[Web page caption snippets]
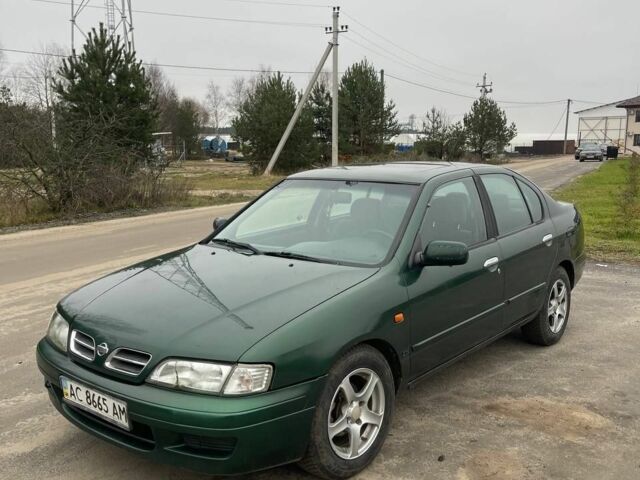 Зелений Ніссан Прімера, об'ємом двигуна 2 л та пробігом 300 тис. км за 1300 $, фото 1 на Automoto.ua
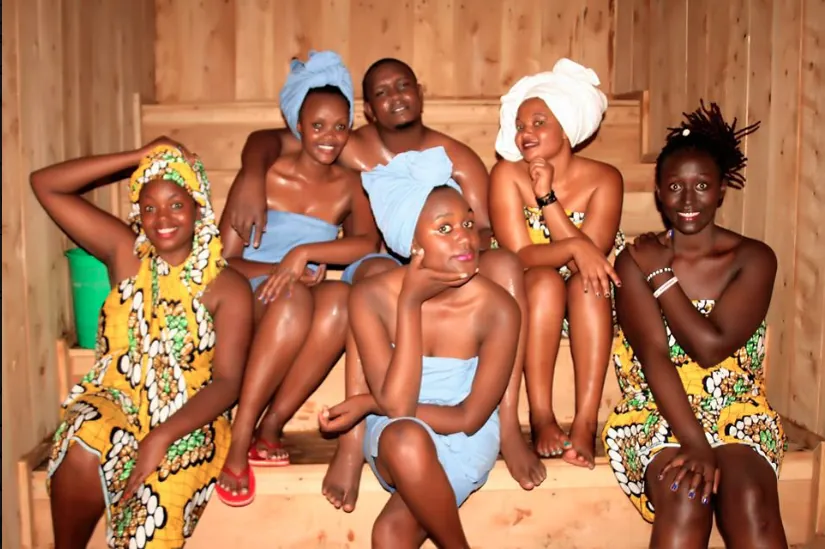 A group of guests wrapped in towels sitting on the sauna benches
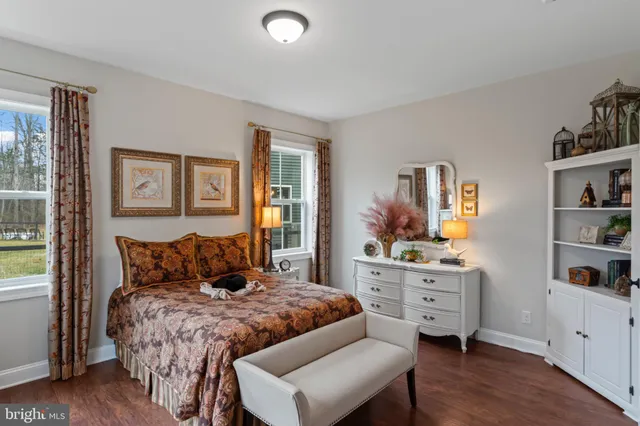 a backyard of a house with outdoor seating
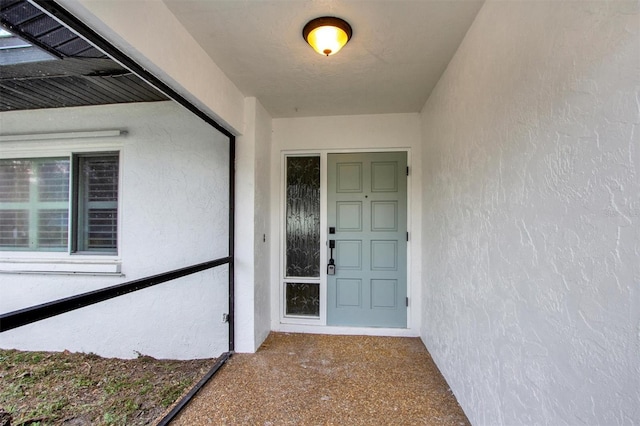 doorway to property with stucco siding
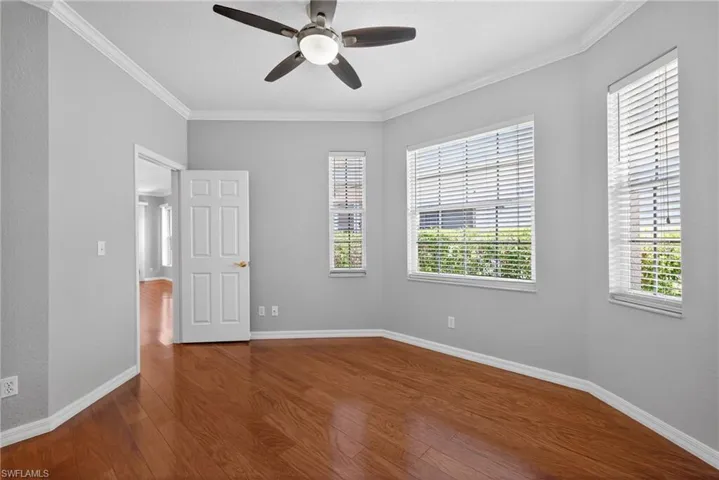 Unfurnished bedroom with ornamental molding, a ceiling fan, and dark wood-style floors
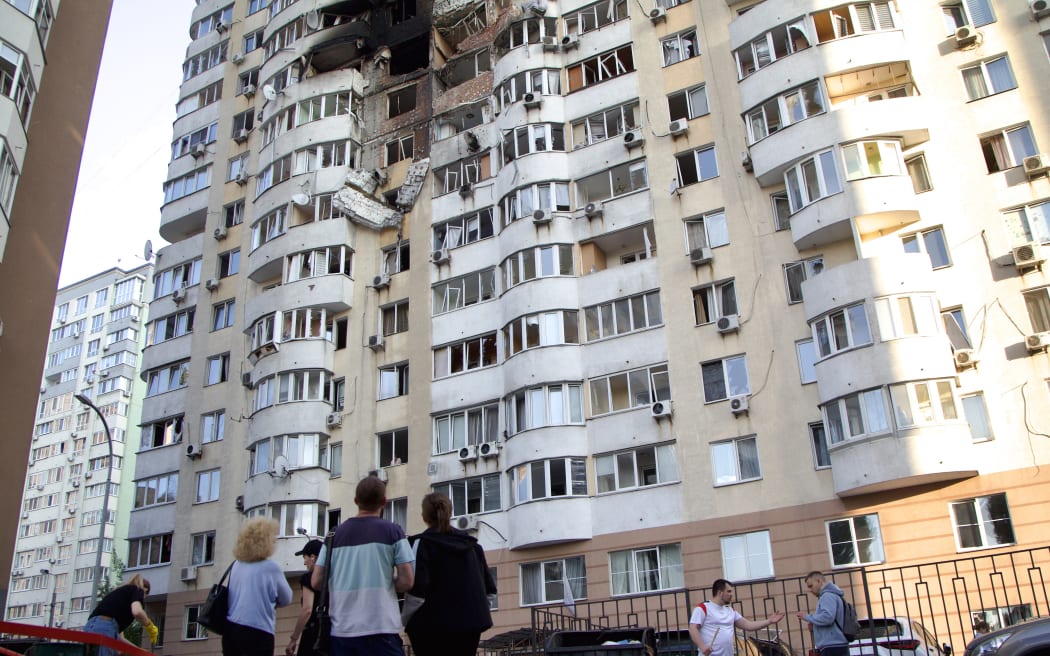 People stand outside an apartment block in the Solomianskyi district damaged by an overnight Russian attack in Kyiv, Ukraine, on June 6, 2025. On Friday night, June 6, four people die and at least 20 others are injured in a Russian missile and drone attack on Kyiv. In particular, three rescuers of the State Emergency Service of Ukraine die and nine others are injured while responding to the consequences of the nighttime attack in the Ukrainian capital. Falling debris and strikes are reported in six districts of Kyiv. (Photo by Kirill Chubotin/Ukrinform) NO USE RUSSIA. NO USE BELARUS. (Photo by Ukrinform/NurPhoto) (Photo by Kirill Chubotin / NurPhoto via AFP)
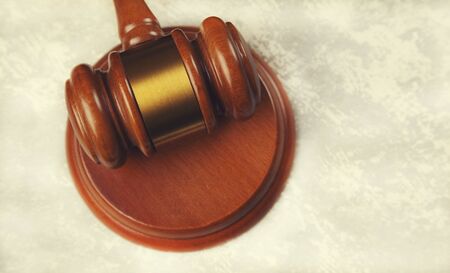wooden judge on the white table background
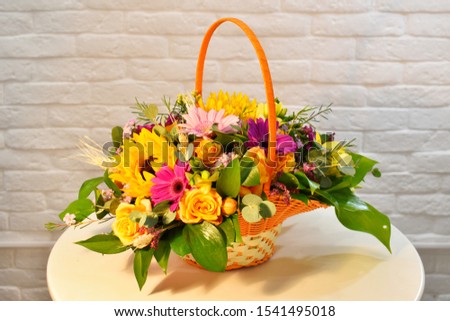 Floral color composition. Blooming flowers on the table. Bouquet for a woman. Decoration with flowers.
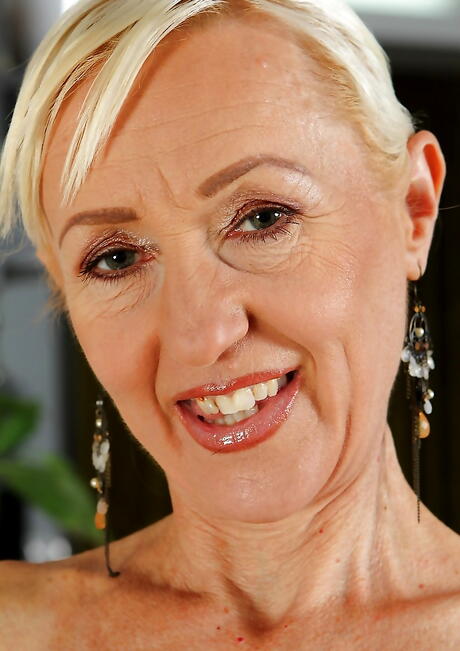 Excellent blonde mature Tina shows her ass in fancy skirt and spreads her legs 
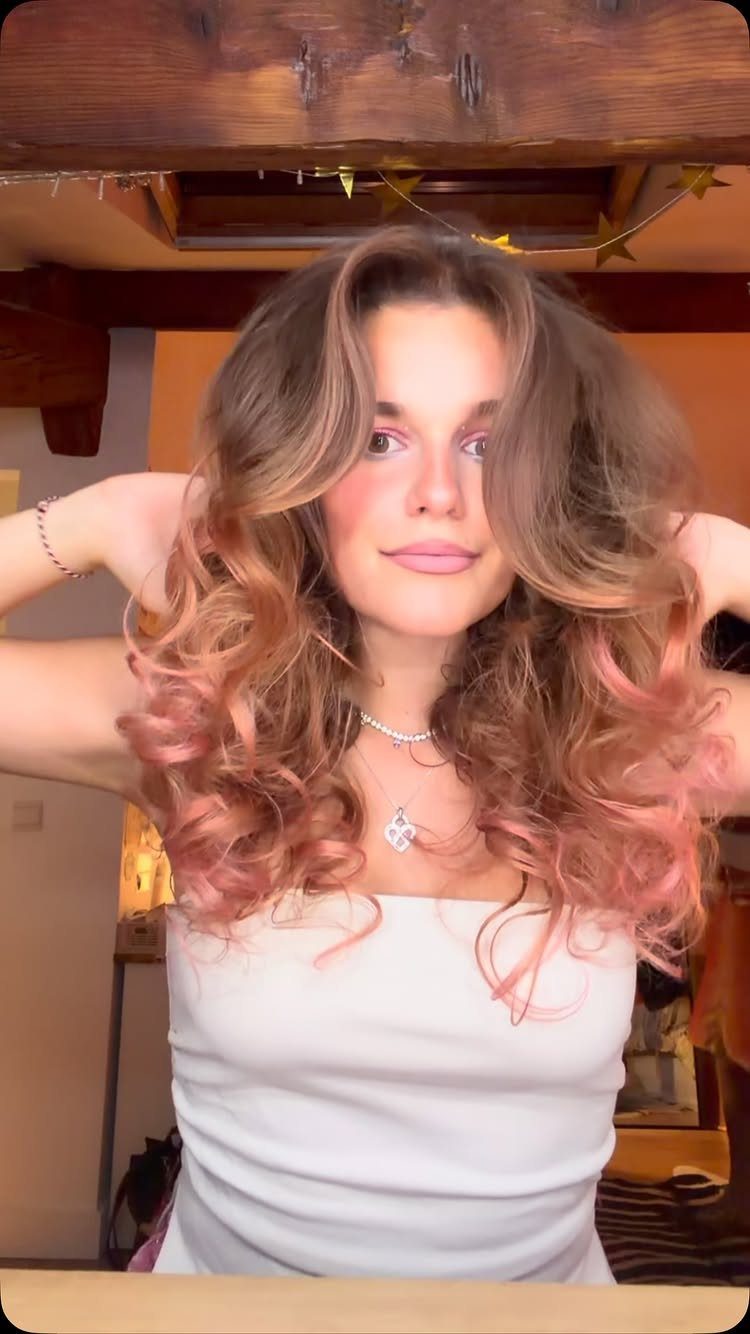 Woman displaying brunette waves blended into peachy rose-pink lengths
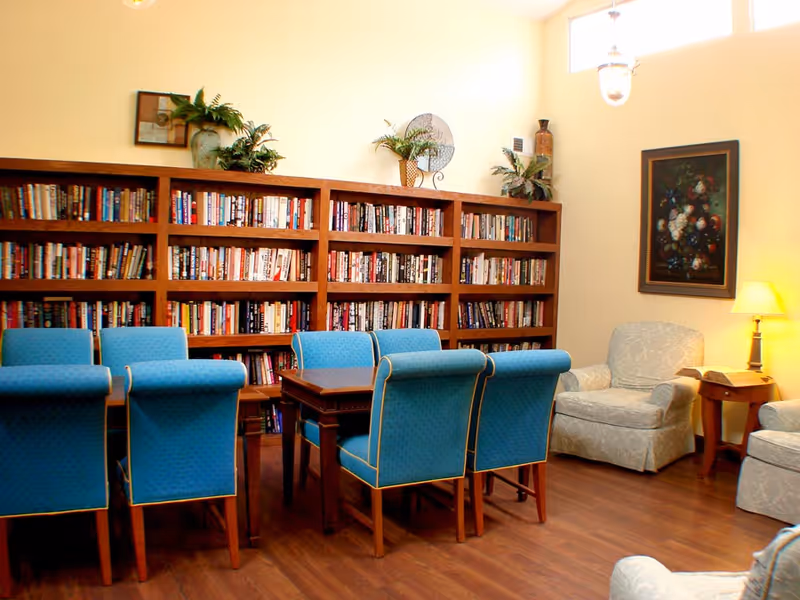 A cozy reading room with a wooden bookshelf filled with books along the wall, a wooden table surrounded by six blue upholstered chairs, and two light-colored armchairs near a small wooden side table with a lamp. The room has wooden flooring, light yellow walls, a framed floral painting, and decorative plants on top of the bookshelf.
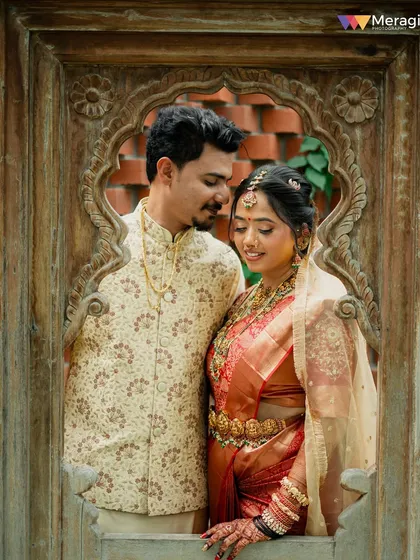 A beautifully framed couple portrait, showcasing their traditional attire and her radiant look.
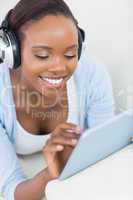 Black woman touching a tablet computer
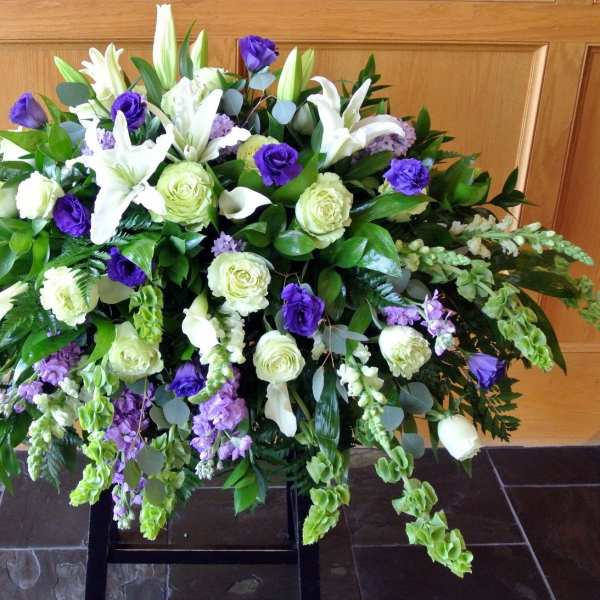 Large floral spray with white lilies, roses, and purple blooms on a stand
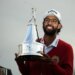 Akshay Bhatia smiles as he holds up the Arnold Palmer Invitational golf trophy.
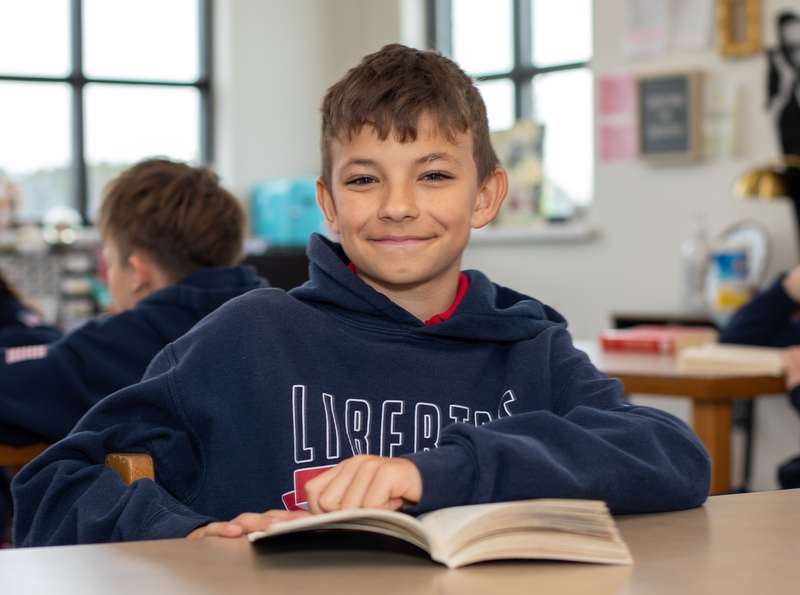 Student reading a book.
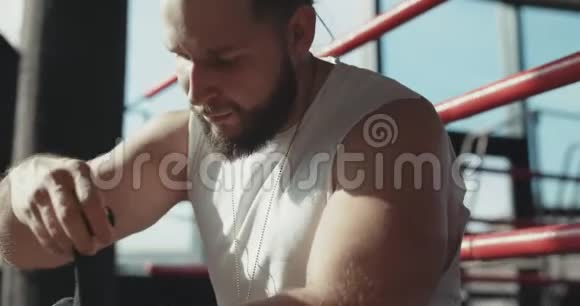 拳击手在拳击训练前用黑色手包裹手视频的预览图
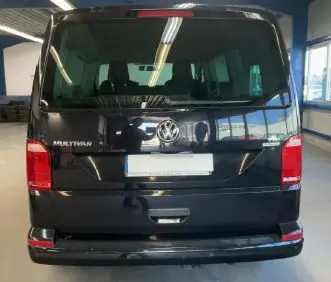 Vue arrière d’un Volkswagen Multivan T6 noir, version Trendline 2015, dans un garage lumineux.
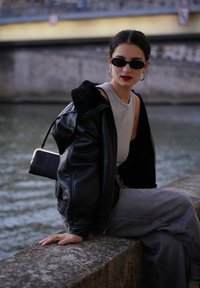 Schwarze Lederjacke mit einem flauschigen Kragen, graues ärmelloses Oberteil und graue weit geschnittene Hose; schwarze rechteckige Handtasche; minimalistische schwarze Sonnenbrille.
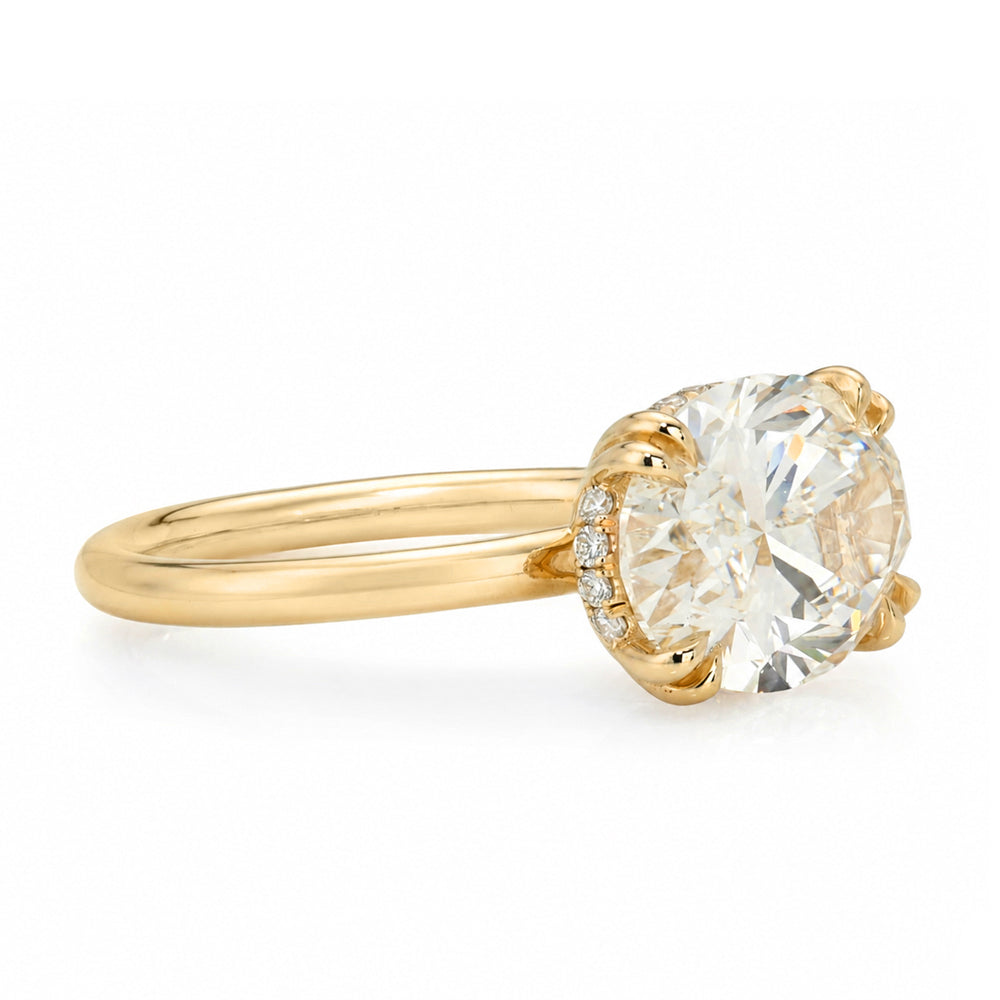 A yellow gold solitaire engagement ring featuring a oval brilliant cut white diamond set east west in a prong setting with a hidden halo on the basket and double prongs, shown on a clean white background.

Activity: Could you transcribe every entry exactly, leaving out the pictures?

Worked solution:
 Зелений Ніссан Прімера, об'ємом двигуна 2 л та пробігом 300 тис. км за 1300 $, фото 1 на Automoto.ua
 A group of guests wrapped in towels sitting on the sauna benches
 a backyard of a house with outdoor seating
 doorway to property with stucco siding
 Unfurnished bedroom with ornamental molding, a ceiling fan, and dark wood-style floors
 People stand outside an apartment block in the Solomianskyi district damaged by an overnight Russian attack in Kyiv, Ukraine, on June 6, 2025. On Friday night, June 6, four people die and at least 20 others are injured in a Russian missile and drone attack on Kyiv. In particular, three rescuers of the State Emergency Service of Ukraine die and nine others are injured while responding to the consequences of the nighttime attack in the Ukrainian capital. Falling debris and strikes are reported in six districts of Kyiv. (Photo by Kirill Chubotin/Ukrinform) NO USE RUSSIA. NO USE BELARUS. (Photo by Ukrinform/NurPhoto) (Photo by Kirill Chubotin / NurPhoto via AFP)
wooden judge on the white table background
 Floral color composition. Blooming flowers on the table. Bouquet for a woman. Decoration with flowers.
 Excellent blonde mature Tina shows her ass in fancy skirt and spreads her legs 
 Woman displaying brunette waves blended into peachy rose-pink lengths
 A cozy reading room with a wooden bookshelf filled with books along the wall, a wooden table surrounded by six blue upholstered chairs, and two light-colored armchairs near a small wooden side table with a lamp. The room has wooden flooring, light yellow walls, a framed floral painting, and decorative plants on top of the bookshelf.
 A beautifully framed couple portrait, showcasing their traditional attire and her radiant look.
 Black woman touching a tablet computer
 Large floral spray with white lilies, roses, and purple blooms on a stand
 Akshay Bhatia smiles as he holds up the Arnold Palmer Invitational golf trophy.
 Student reading a book.
 拳击手在拳击训练前用黑色手包裹手视频的预览图
 Vue arrière d’un Volkswagen Multivan T6 noir, version Trendline 2015, dans un garage lumineux.
 Schwarze Lederjacke mit einem flauschigen Kragen, graues ärmelloses Oberteil und graue weit geschnittene Hose; schwarze rechteckige Handtasche; minimalistische schwarze Sonnenbrille.
 A yellow gold solitaire engagement ring featuring a oval brilliant cut white diamond set east west in a prong setting with a hidden halo on the basket and double prongs, shown on a clean white background.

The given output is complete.